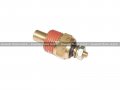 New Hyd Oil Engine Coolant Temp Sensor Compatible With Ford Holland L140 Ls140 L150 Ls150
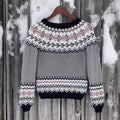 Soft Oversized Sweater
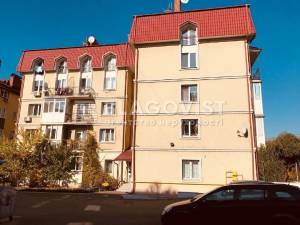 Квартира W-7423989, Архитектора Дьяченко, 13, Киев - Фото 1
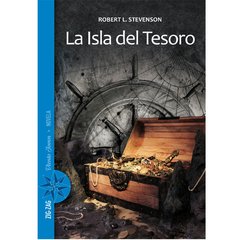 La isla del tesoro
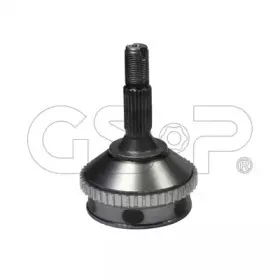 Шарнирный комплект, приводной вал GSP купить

--

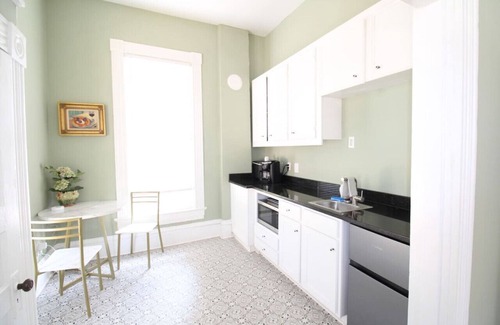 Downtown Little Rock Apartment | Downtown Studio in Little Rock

* * *

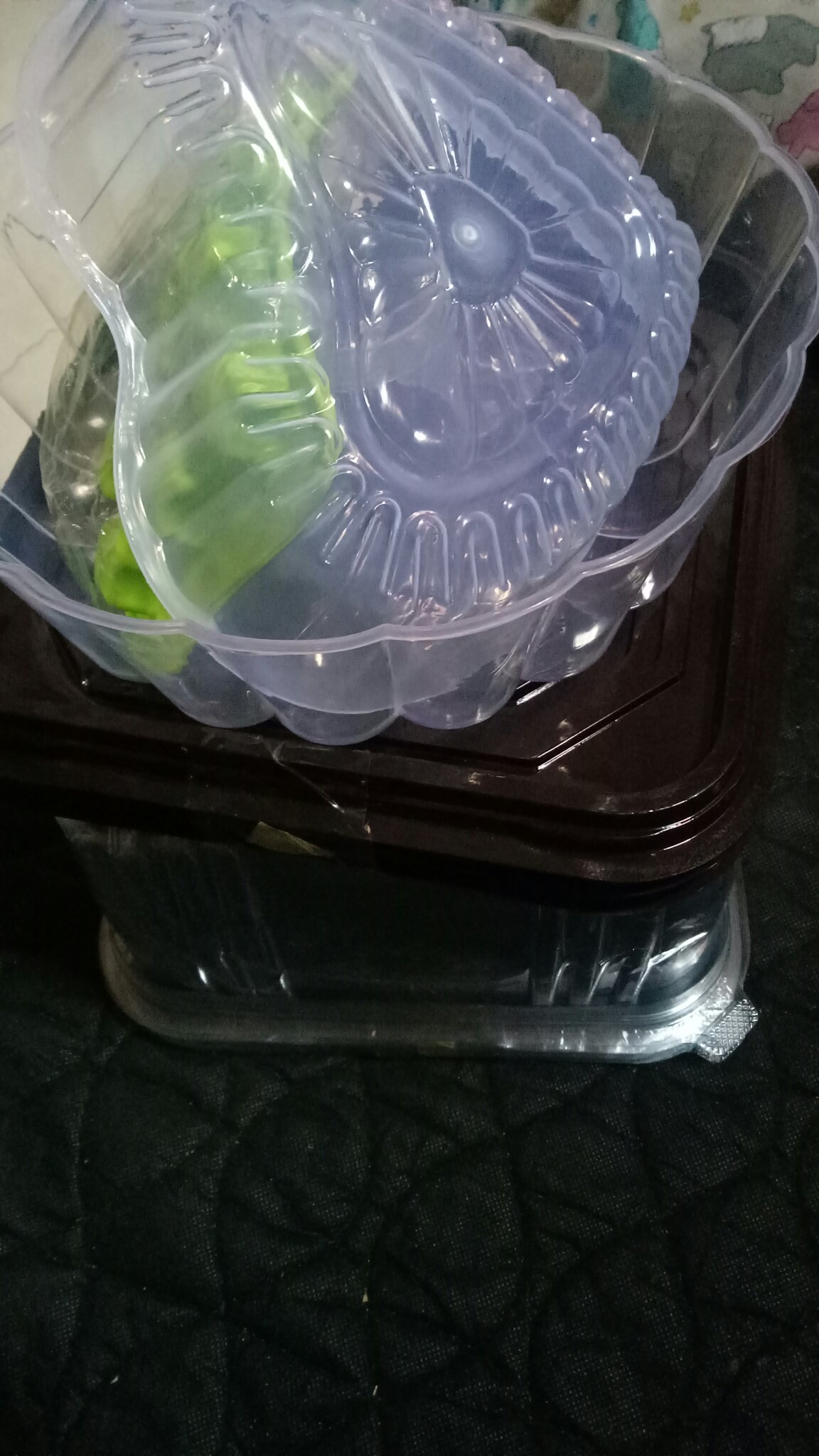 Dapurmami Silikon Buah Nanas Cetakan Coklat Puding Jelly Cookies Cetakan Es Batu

__Task directions__.
Look above for the line with "New Hyd Oil" and copy exactly from it through the line with "Шарнирный комплект, приводной вал GSP купить", both included. Omit the pictures.

__Solution to the problem__.
 New Hyd Oil Engine Coolant Temp Sensor Compatible With Ford Holland L140 Ls140 L150 Ls150
 Soft Oversized Sweater
 Квартира W-7423989, Архитектора Дьяченко, 13, Киев - Фото 1
 La isla del tesoro
 Шарнирный комплект, приводной вал GSP купить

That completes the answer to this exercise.